REVIEW OF THE HUMAN RIGHTS ACT

Magna Carta, signed in 1215, has been called the most influential secular document in the history of the world. It contains the famous passage:

"No free man shall be seized or imprisoned or stripped of his rights or possessions, or outlawed or exiled, or deprived of his standing in any other way nor will we proceed with force aginst him, or send others to do so, except by the lawful judgement of his equals or by the law of the land."

In just five years time we shall be celebrating the 800th anniversary of Magna Carta.
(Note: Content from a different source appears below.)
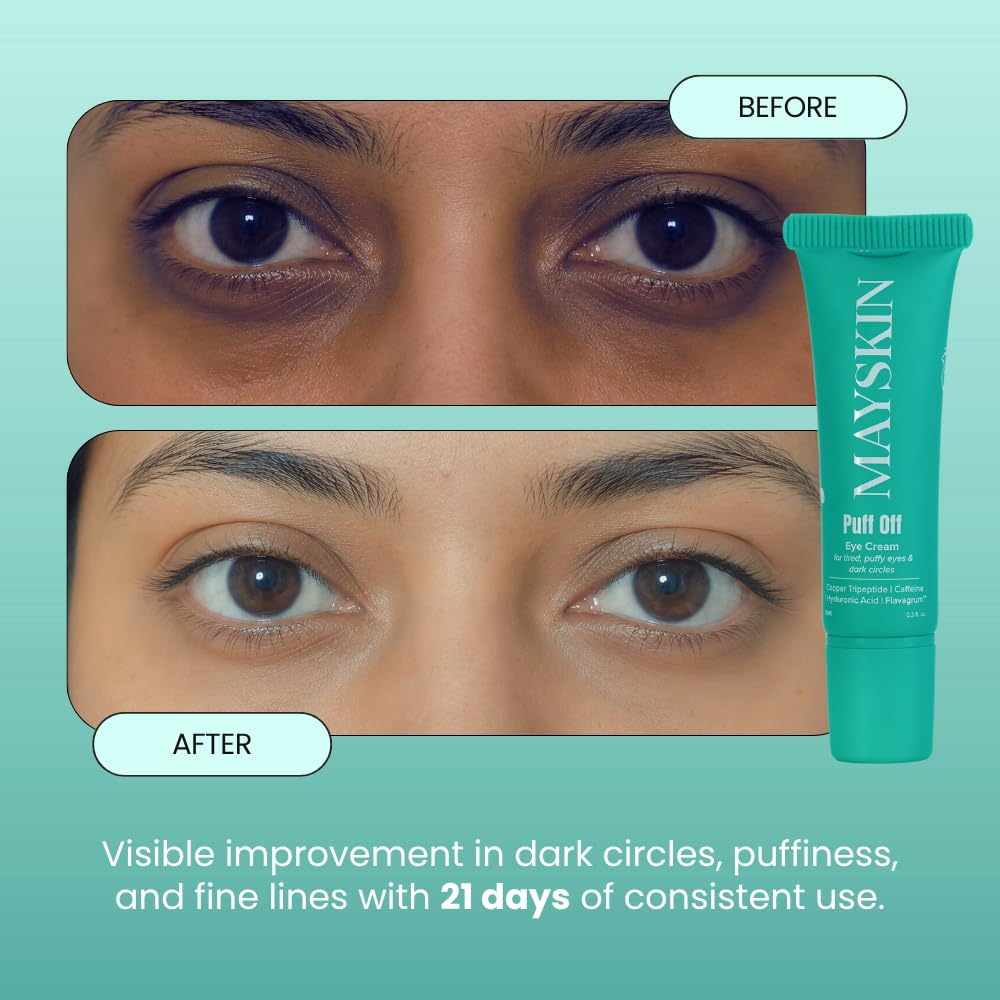 Mayskin Puff Off Eye Cream – Retinal, Copper Peptides & Caffeine for Dark Circles, Puffiness & Fine Lines | Bifida Ferment Lysate & 7 Botanicals...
How timely that the coalition government agreement charges the Ministry of Justice to conduct a review of the Human Rights Act and related matters, looking at our civil liberties in the 21st century.

Our europhobe news media present the European human rights convention as some dreadful EU imposition from Brussels.  The fact that it was a mainly British initiative drafted in the main by British lawyers with the active support of Winston Churchill is totally ignored.

As Tom McNally, leader of the Lib Dem peers in the House of Lords and Minister of State for the Ministry of Justice says in a recent article: "For some of our media, and politicians, a red mist descends when anything with the words Europe or European are included in the title."

He points out that the drafters who wrote the European Convention on Human Rights were "working in the shadow of the still vivid experience of the rule of law being trampled on by Hitler's jack-boots across mainland Europe.  Sixty years later there is no room for complacency about human rights."

He adds: "That is why I hope we can make Magna Carta the touchstone for a process of increased understanding of the importance of the principles on which the British state has been governed for nearly 800 years."